Saturday, April 20, 2013

Mick's Emotions

It's been a while, since I've written about mindset.  The following topic has been a concern of mine for quite some time... since the start of this blog, in fact.  Something on the radio this week reignited the spark for it, and in light of recent events, it's fitting.

We all know our kidderz watch us closely.  It doesn't matter what we say, as much as much as what we do.  Sometimes we don't see how much those wee ones copy us.  It might take a comment from an unrelated observer, before we step back and observe that tyke ourselvesThen we truly discover the consequences of our behaviors, as we watch our little shadow play out movements, speak words, and even react exactly as we know we would... if we can admit it.

Unfortunately, I'm not perfect... and I'm seeing it mirrored in my kidderz.  Ugh.

We have the ability to form in our children what reactions they have in stressful - even terrifying - situations: For instance, terrorist acts.

What I heard on the radio this week was a quote from a doctor, in regard to how best to talk to our children about this type of event:  Teach them that they should be vigilant and alert, but not timid.

That is a great way to put it.

The initial event that got this topic going a couple of years ago was Hurricane Irene.

All around us, people were hyped up.  The media got everyone going.

I'm not saying we should not prepareDefinitely, we need to be informed and have a plan of action.  However, I could see it getting so bad that children were terrified.

I love the line from A Bug's Life, when Mr.
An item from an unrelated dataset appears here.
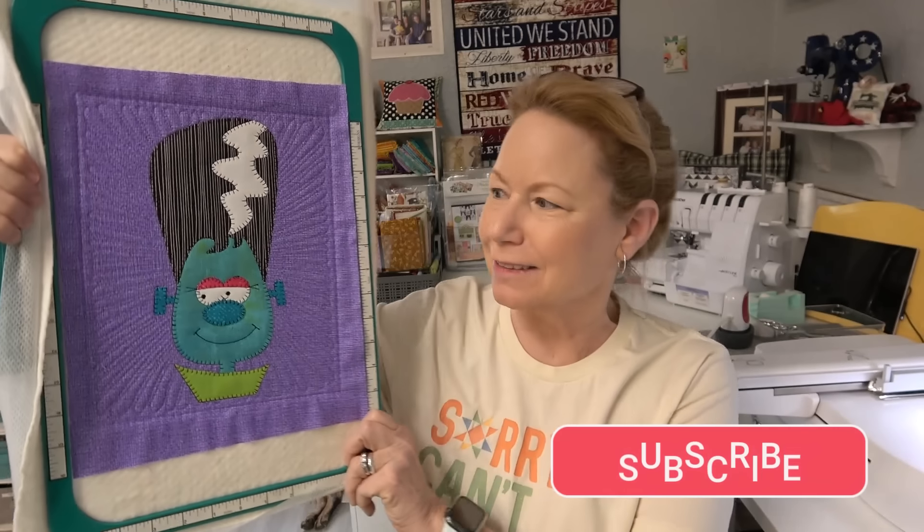I think she's amazing. I love it. We'll talk to you soon. You guys go sew something. Bye.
Soil says: "Do not panic, do not panic!  We are trained professionals. Now, stay calm."  

That is kind of the gist of the message from the doctor on the radio.  No, we parents are not trained professionals (though we wish we were trained as professional parents sometimes), but we are in charge of our family's well-being, and we are our children's teachers.
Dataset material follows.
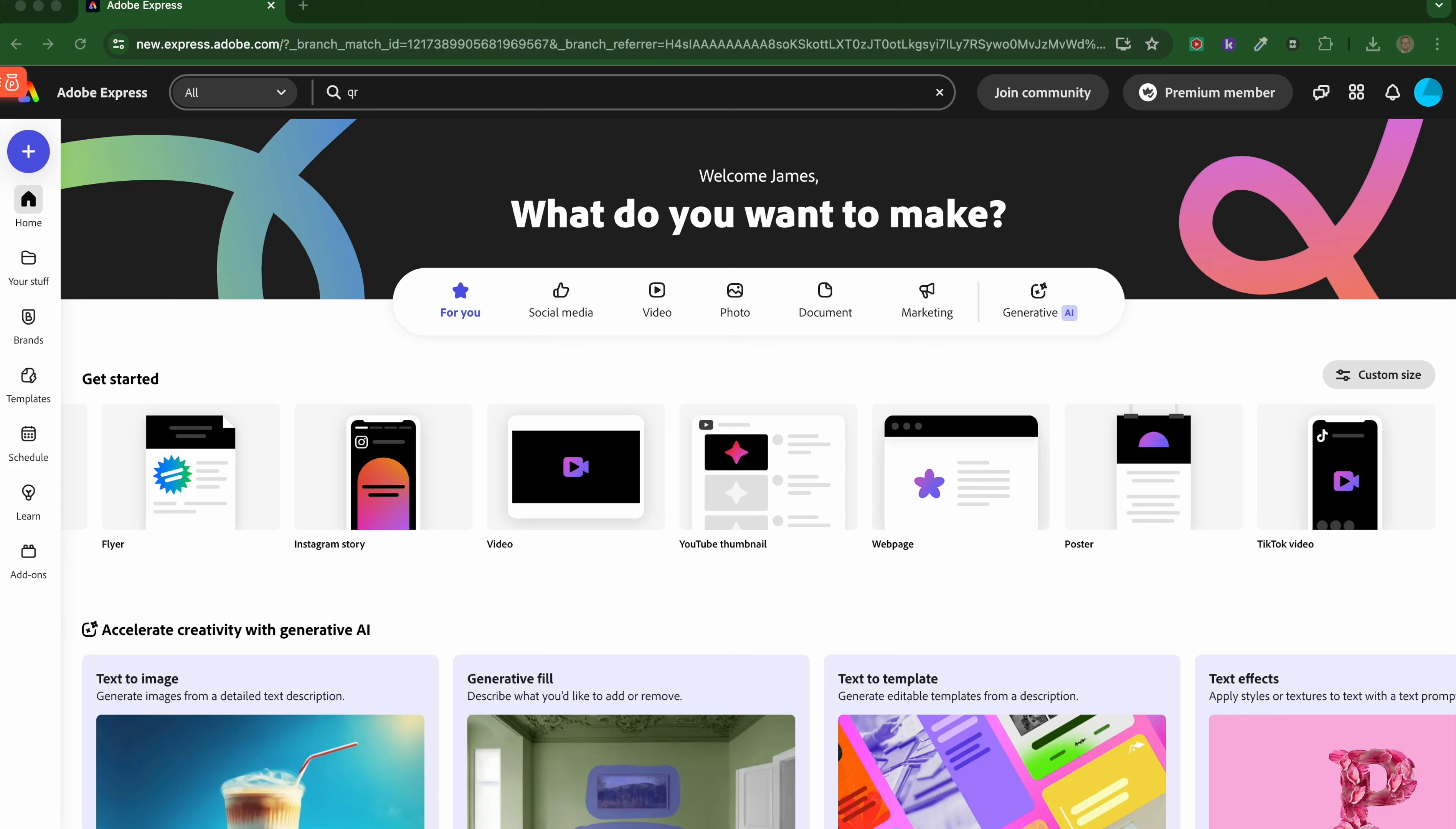Hello to this video. Today we're looking at Adobe Express. I'm signed in as a premium member. You get it as part of a subscription to Adobe Photoshop, so I pay for Adobe Photoshop and as part of that I get access to this. If you subscribe to any of the Adobe products, they give you access to their browser-based apps, and Adobe Express is one of those.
Moments like these are great learning opportunities.

During the hurricane:

Were hubby and I uncertain of the right decision of whether to stay or evacuate?  Yes.

Was I a bit scared?  Yes.

Did we take precautions Most definitely.

Was a backup plan in place?  Uh-huh!!!  You'd better believe it!

However, instead of falling into the defeatist attitude of "we're doomed," and running around in a panic, not thinking clearly, we chose to follow through with my birthday wish for that week:  Have some family photo booth fun!
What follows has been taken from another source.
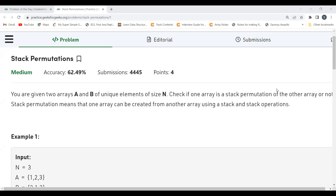Hi everyone, I hope you are doing well. Today in this video we are going to solve the problem of the day on the GeeksForGeeks platform. Today's problem is Stack Permutations. We'll be understanding the problem statement and the logic part, and then we'll proceed to the coding part.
Hurricane Irene Photo Booth FunWe had to change it up a bit, since it wasn't a good idea to be outside in the crazy weather, which meant going to the mall's photo booth wouldn't be an option.  So, we gathered all our hurricane emergency supplies, huddled together in our tiny downstairs bathroom, as our "fallout shelter," and enjoyed a photo booth experience.

Yes, the picture you see here is the actual result of our silliness.  The kids loved it... and so did the parents.  We did not forget what was happening all around us, and we did keep up-to-date on the storm, etc., but we also passed the time much more pleasantly than we could have.

Granted, there were some very serious conditions, in which people were terribly affected.  Those are times of crisis, when plan becomes action.  Wisdom is necessary.

Until it gets to that point, though, we can remain lighthearted.

In whatever situation, we can have hope and joy.

Can we teach that to our kidderz?  Yes, we can!

Do you choose to go into panic mode, get your kidderz all riled up, and teach them that the way to handle a crisis is through confusion, chaos, and drama?


Do you choose to remain calm, formulate a plan, and teach your kidderz to be vigilant and alert, rather than timid?

"Therefore, since we have such a hope, we are very bold."